Sunday, October 28, 2007

So I have done it again.

Changed phone, I mean.

Now I've changed to a Nokia 6500. Probably one of the last phones I ever thought I'd used, because the last 6 I even came near to was the.. um.. 6600 that THE WHOLE WORLD (in Bendemeer Sec) used as well.

Back in those days, you were either using a 6600 or a 6610.

Why? I don't know. Maybe because at that time we didn't have $68 no-contract LG handphones that are even sold at 7-Eleven!!!

Speaking of that phone, I honestly feel it's a very very good price for a handphone. I'm sure because of that, there was a super spike in the number of primary school kids getting handphone; which is a good thing.

I hpoe that thing doesn't have those sound-blaster capabilities. I don't know how the situation is like these days but I hope lesser people are blasting mp3 out aloud in public (at least these days I don't encounter any).

Please, all our packages come with earpiece for a reason. And no, earpieces are not for drivers. Bluetooth headset is. But I don't know that LG phone comes with an earpiece or not.

Well, I'm not only ignorant about handphones.

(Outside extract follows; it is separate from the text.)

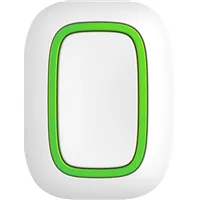 AJAX Superior Button, bílá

I'm ignorant about school stuff as well. It was weird. When a project deadline was approaching, everyone would go crazy. It was very obvious. But this time they didn't. So, me and my groupmates, mainly, Jo and Nick, took our own blardy sweet time.

No, we did not even take our own sweet time, because we didn't even do a single sh*t!!!!

When we found out about the deadline, we were only one and a half hour away.

Then came the fastest project I ever did in my life. We had to hand up a softcopy by email, and a hardcopy at school the following night.

We were, obviously late for the softcopy hand-up. It was due 12 midnight on Tuesday morning. We, however, made it in time for the hard copy hand up in class, with two of us who were working having taken half-day off.

SPEAKING OF LEAVES. Wtf. I've been applying leave once in a while like nobody's business. Everytime I checked, I had many balance leave left. And then guess what. Suddenly I was reduced to having only one and a half day leave left!!!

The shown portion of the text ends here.